▶ _Task objective_: Would you reproduce the whole listing exactly, dropping any pictures it holds?

▶ _Dataset section_:

::::::::

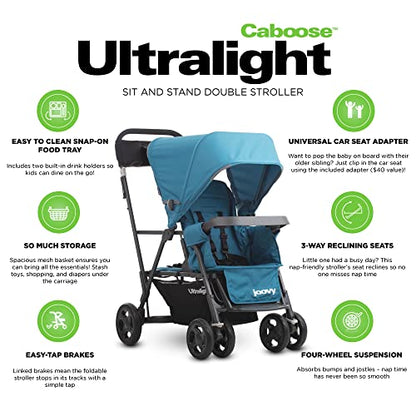 Joovy Caboose Ultralight Sit and Stand Double Stroller (Turq)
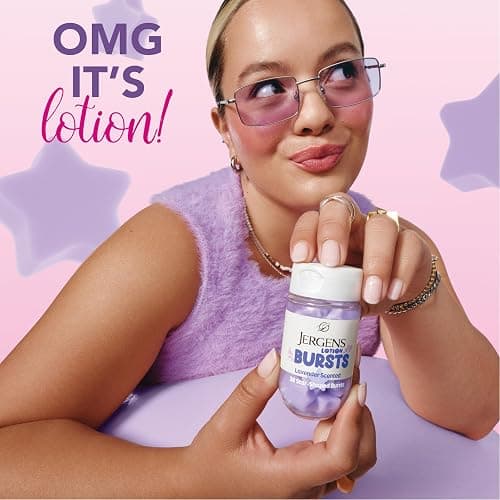 Jergens Lavender Lotion Bursts, Squishy Star-Shaped Moisturizer Bursts, 38 Ct thumbnail 4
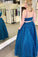 Sparkly Two Pieces Mykonos Blue Appliques Spaghetti Straps Prom SRS20446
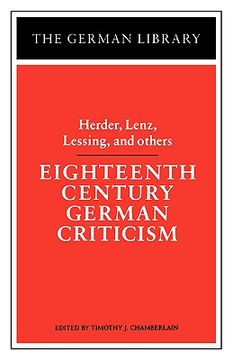 portada eighteenth century german criticism: herder, lenz, lessing, and others (in English)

::::::::

▶ _The answer_:
 Joovy Caboose Ultralight Sit and Stand Double Stroller (Turq)
 Jergens Lavender Lotion Bursts, Squishy Star-Shaped Moisturizer Bursts, 38 Ct thumbnail 4
 Sparkly Two Pieces Mykonos Blue Appliques Spaghetti Straps Prom SRS20446
 portada eighteenth century german criticism: herder, lenz, lessing, and others (in English)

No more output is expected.